Vapor phase oxidation of dimethyl sulfide with ozone over ion-exchanged zeolites

Abstract

This work studied the catalyst activity and stability of ion-exchanged zeolites during the oxidation of dimethyl sulfide (DMS) in the presence of ozone. Ozone was used as an oxidant to assess the oxidation capability of Ag/ZSM-5, Mn/ZSM-5 and Ag-Mn/ZSM-5 of DMS at both room temperature and 130 °C. Ion-exchange with silver ions (Ag +) strengthened the adsorption of DMS, resulting in an increased oxidation capacity for DMS. Furthermore, the introduction of manganese ions (Mn 2+) strengthened the oxidation capability of DMS, thus enhancing the selectivity of SO 2 obtained from the oxidation and reducing the degradation of activity because the pores of the catalyst were blocked by the oxidation products, such as dimethyl sulfoxide (DMSO) and dimethyl sulfone (DMSO 2). Ag-Mn/ZSM-5 demonstrated a 100% conversion of DMS; not only SO 2 but also H 2SO 3 and H 2SO 4 were detected at a high GHSV (90,000 h −1) and low reaction temperature (130 °C).
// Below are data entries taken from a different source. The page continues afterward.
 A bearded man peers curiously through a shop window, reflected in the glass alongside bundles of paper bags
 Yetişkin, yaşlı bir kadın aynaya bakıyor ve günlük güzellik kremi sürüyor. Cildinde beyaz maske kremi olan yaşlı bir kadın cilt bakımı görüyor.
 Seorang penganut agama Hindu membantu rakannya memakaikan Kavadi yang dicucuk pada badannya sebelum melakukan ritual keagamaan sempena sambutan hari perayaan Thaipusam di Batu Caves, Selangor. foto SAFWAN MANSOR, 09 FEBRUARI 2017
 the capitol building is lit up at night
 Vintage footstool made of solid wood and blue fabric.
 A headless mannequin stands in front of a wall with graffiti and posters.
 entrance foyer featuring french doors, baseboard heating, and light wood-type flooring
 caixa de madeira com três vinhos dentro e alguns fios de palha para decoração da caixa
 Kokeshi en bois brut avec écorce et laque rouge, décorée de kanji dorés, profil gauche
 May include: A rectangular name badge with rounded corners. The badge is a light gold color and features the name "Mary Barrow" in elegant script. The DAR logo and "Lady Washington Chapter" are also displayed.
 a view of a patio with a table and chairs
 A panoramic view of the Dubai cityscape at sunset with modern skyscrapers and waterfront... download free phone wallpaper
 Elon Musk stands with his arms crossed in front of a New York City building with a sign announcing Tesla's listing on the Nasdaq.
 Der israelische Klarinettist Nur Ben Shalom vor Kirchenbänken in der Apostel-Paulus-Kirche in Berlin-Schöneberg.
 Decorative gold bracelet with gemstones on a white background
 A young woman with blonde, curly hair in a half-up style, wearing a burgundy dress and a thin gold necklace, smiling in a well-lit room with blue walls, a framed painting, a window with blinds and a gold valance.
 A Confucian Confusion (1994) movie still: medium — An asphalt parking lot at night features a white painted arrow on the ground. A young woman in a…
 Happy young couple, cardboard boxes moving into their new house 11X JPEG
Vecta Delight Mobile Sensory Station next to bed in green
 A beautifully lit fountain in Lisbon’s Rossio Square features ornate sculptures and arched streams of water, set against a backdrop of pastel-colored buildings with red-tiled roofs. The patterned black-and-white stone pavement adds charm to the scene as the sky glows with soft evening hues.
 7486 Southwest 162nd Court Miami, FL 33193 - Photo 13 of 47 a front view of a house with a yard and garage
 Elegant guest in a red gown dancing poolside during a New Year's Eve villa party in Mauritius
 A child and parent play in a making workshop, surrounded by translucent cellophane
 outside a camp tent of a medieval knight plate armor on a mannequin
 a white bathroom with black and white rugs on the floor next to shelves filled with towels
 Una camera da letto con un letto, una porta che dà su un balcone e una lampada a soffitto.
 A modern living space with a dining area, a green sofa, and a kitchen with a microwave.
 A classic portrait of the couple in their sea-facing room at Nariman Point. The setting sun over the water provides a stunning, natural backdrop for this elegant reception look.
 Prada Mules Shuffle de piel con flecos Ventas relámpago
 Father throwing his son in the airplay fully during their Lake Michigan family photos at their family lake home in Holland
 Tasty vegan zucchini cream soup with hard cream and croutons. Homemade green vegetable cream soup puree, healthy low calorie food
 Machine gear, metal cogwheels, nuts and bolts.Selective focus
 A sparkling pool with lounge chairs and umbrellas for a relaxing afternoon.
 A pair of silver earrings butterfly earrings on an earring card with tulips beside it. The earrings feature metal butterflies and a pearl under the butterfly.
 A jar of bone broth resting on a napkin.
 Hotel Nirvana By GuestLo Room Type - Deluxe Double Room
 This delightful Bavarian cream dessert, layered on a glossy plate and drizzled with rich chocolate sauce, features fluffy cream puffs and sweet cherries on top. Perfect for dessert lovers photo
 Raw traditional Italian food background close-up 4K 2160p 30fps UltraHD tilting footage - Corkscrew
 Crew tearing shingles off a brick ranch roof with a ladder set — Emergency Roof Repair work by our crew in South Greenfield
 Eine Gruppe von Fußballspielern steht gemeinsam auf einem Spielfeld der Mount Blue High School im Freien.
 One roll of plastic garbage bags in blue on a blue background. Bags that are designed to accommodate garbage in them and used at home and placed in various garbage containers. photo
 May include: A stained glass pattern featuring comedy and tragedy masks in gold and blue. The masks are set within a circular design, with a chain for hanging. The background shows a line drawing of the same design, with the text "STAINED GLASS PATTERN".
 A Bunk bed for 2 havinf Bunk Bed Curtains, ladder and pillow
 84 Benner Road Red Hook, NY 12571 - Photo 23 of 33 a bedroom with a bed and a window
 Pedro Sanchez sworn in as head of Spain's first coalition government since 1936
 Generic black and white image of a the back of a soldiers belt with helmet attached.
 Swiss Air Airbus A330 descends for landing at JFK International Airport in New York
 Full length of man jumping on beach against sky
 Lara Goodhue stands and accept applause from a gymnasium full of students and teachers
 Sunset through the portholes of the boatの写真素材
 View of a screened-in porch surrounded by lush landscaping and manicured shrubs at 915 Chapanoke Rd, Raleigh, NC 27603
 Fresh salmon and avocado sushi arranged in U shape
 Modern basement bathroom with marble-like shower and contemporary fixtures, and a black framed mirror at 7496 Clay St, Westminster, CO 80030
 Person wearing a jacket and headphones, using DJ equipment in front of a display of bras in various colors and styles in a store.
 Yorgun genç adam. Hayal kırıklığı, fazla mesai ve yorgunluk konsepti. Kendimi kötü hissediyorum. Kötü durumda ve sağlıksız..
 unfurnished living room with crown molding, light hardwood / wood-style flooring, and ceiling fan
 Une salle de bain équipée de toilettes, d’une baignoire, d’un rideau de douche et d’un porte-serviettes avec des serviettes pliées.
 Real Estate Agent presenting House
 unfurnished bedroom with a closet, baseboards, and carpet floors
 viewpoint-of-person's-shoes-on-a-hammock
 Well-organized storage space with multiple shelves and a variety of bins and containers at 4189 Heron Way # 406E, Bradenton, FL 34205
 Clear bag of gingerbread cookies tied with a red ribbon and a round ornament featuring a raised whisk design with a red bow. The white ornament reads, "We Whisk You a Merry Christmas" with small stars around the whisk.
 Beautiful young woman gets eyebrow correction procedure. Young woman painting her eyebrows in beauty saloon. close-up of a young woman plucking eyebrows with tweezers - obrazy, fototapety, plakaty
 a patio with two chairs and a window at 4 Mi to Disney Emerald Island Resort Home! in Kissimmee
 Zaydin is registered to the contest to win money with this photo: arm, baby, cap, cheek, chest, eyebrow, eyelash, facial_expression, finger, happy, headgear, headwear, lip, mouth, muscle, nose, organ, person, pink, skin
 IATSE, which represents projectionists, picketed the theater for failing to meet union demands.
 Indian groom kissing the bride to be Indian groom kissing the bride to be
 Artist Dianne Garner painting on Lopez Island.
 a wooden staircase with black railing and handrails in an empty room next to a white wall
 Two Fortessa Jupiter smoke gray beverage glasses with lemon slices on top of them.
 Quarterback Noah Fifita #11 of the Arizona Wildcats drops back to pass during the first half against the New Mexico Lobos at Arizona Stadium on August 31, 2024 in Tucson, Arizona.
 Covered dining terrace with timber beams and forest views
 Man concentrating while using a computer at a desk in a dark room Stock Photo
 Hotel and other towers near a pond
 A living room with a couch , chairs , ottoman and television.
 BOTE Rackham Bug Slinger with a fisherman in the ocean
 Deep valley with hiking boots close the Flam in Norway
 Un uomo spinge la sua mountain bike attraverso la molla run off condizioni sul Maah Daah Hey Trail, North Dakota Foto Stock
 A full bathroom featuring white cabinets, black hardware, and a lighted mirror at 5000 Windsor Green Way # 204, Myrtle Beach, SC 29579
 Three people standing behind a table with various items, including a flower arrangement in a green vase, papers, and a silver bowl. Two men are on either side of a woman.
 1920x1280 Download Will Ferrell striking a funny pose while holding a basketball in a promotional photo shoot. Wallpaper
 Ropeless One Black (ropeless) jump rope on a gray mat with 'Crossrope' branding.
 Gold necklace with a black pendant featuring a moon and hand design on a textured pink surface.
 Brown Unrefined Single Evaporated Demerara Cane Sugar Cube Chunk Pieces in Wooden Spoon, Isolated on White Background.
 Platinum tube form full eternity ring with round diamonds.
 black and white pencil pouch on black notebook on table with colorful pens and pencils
The SO 2 adsorption curve and temperature-programmed desorption (TPD) showed that the single metal ion-exchanged zeolite had a weak adsorption capability for SO 2 at room temperature, whereas the bi-metal ion-exchanged zeolite had an excellent adsorption capability towards SO 2; it could convert SO 2 into H 2SO 3 and could convert oxidized SO 2 into H 2SO 4 in gas phase at room temperature.